I've noticed that writing a kernel needs a huge knowledge(or a table next to me) which tells me ALL the memory areas allocated by hardware.
The problem is that each
part of the hardware does its
own allocation. The BIOS does supervise
how e.g. PCI cards do their allocations. But
what is allocated is defined by the
card.
And I need to know all the device ports.
That is what is commonly called a "device driver": A piece of code that "knows" about a specific device, and enables the kernel to access that device through a "standard" interface. For example, your kernel will want to read from and write to a hard drive. You will need
device drivers to translate those calls into ATA or SCSI or USB commands, which means you have to get your hands on the technical documentation for the ATA / SCSI / USB controller you are using (or the one you want to support, anyway).

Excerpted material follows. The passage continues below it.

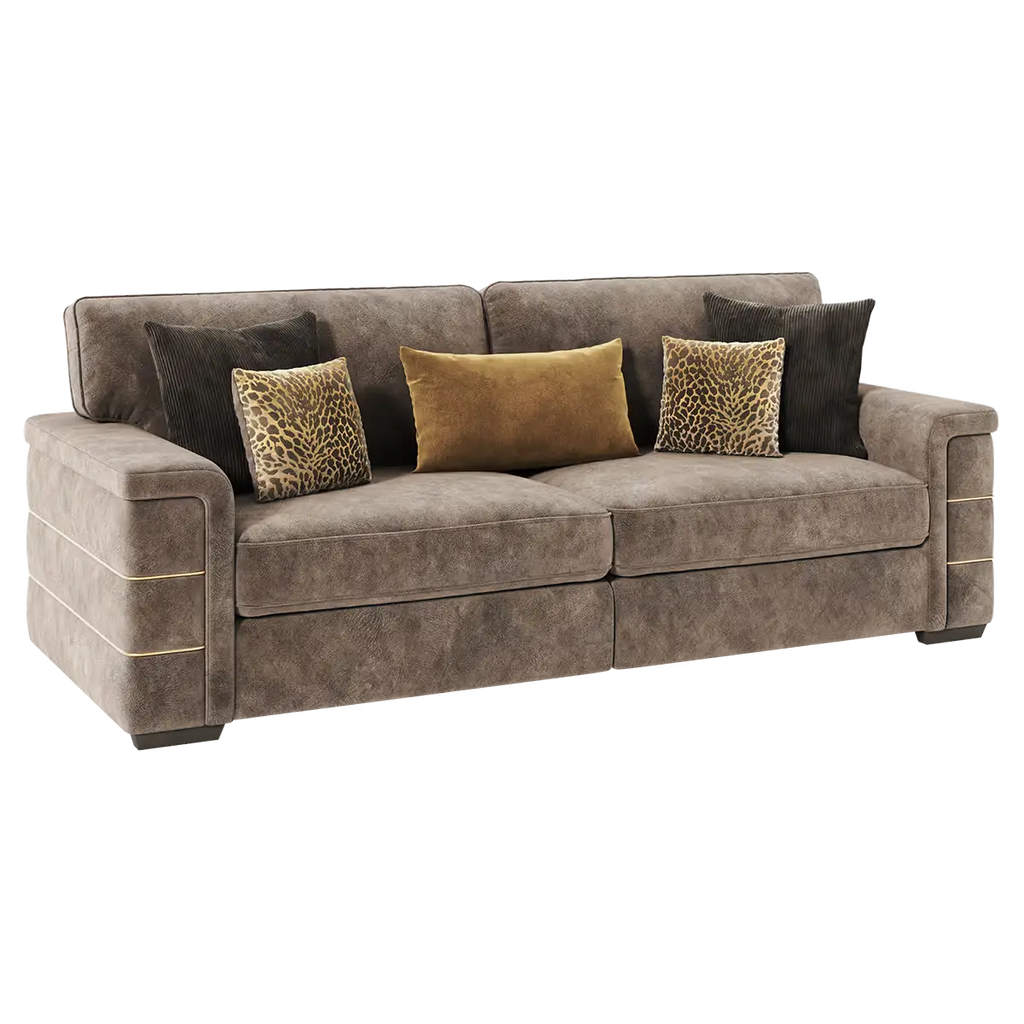 Finnesse Premium Sofa Range Home Store Living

Some of them are pretty generic, some of them are pretty specific to the chipset used.
But that's not strictly
kernel development, but
driver development. You could have the world's greatest kernel, but you'd still need a large library of available device drivers to get anywhere...
NOW, do anyone of you have these tables of knowledge about what I mean?
(of course you do, 'cause you're writing OS:s)
I don't think I like your tone, here. Trust in us that we would provide that info if it were that easy.
Where can I get those tables? (I guess not from Mega-Tokyo.com)
No, from the individual device / chipset vendors. Sometimes for free from the web, sometimes only if you're a big company, pay big bucks, and sign an NDA. Sometimes not at all.
(And I don't want the famous "Intel's 'billion paged' manual"!)
Then forget about writing a
real OS.
Now I am confused. YOU are making OS:s ! Where have you took those what I'm looking for ?
The thing is that you are confused about
what you are looking for.
Why is it so difficult to have them here.
Because they are intelectual property of those who developed it, and some of those don't believe in sharing that property.
I think those port- and memory tables shouldn't be anyone's property (open-source you know)!
I agree (but I understand the standpoint of the HW manufacturers, too).
Have you read the Intel's manual?
Yep. It's the technical documentation of the CPU, so you basically
have to read it. (Or read tons of tutorials which basically copy & paraphrase the information from the Intel docs, sometimes introducing errors and not telling the whole story of what you could do
different from the tutorial author's approach.)
If there's no other way than "just know them" or "google whith wrong results ", I WILL READ THE INTEL'S MANUAL THEN! >:(
No reason to become angry. And be aware that it will tell you everything about the CPU, but nothing about the BIOS, PCI, networking devices, VGA, ...
( Could you even give me some links please? ) :-\
All we could give is in the FAQ (click the banner) and the Quick Links thread.
PS. Wasn't Ralph's Int. List just for DOS wasn't it.
Yes and no. In DOS, you had full access to the BIOS functions, so the RBIL
includes all BIOS functions
in addition to those provided by DOS and its applications.
As the BIOS is the central OS / hardware interface, you need the RBIL even if you never touch DOS with a stick.